Nutrients and fluids will be supplied through a tube that goes into the patient's nose and down to his or her stomach.
Antibiotics will be administered if the cause of the ARDS is an infection.
As there is no targeted treatment specifically for ARDS, the medical team will support the patient until the lungs improve on their own.
What is the outlook for ARDS?
In the past, more than half of all patients with ARDS did not survive. However, survival rates over the last fifteen years have improved considerably.
The American Lung Association wrote "Patients who develop ARDS due to sepsis (infection of the blood) usually do not do as well as patients whose ARDS is related to trauma or pulmonary infection." It added that today between 25% to 40% of ARDS cases are fatal; an improvement compared to 20 years ago when the mortality rate was between 50% and 70%.

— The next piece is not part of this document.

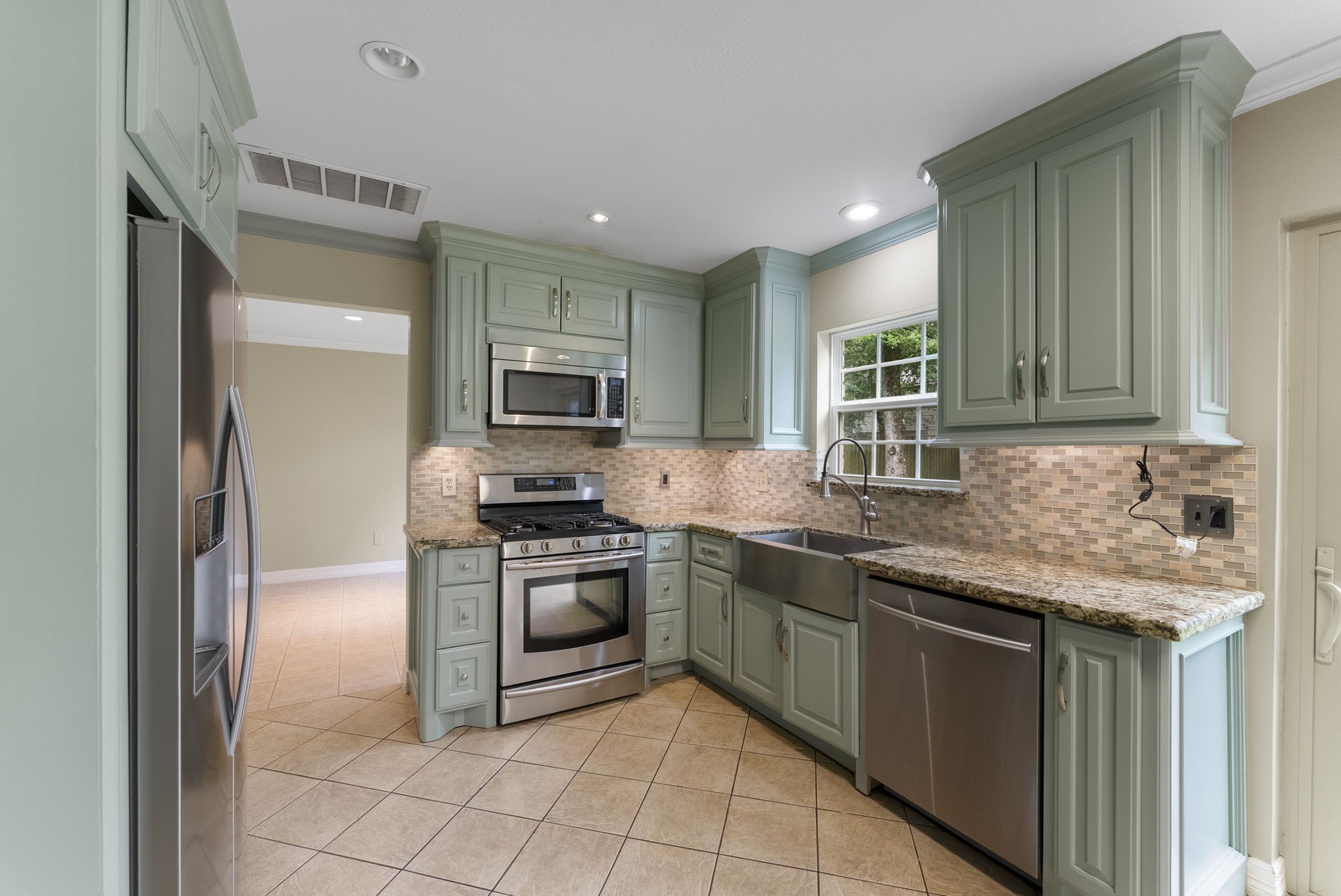 27 West Stony Bridge Court Spring, TX 77381 - Photo 8 of 30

According to the National Health Service, about one third of ARDS patients in the United Kingdom do not survive. The majority of deaths, though, are due to another problem in the illness or circumstance that caused the ARDS, and not the ARDS itself.
ARDS survivors face a significantly higher risk of complications, including muscle and nerve damage, which can lead to pain and weakness. Some patients develop PTSD (post-traumatic stress disorder) and depression.
Among survivors, the lungs tend to recover well after ARDS.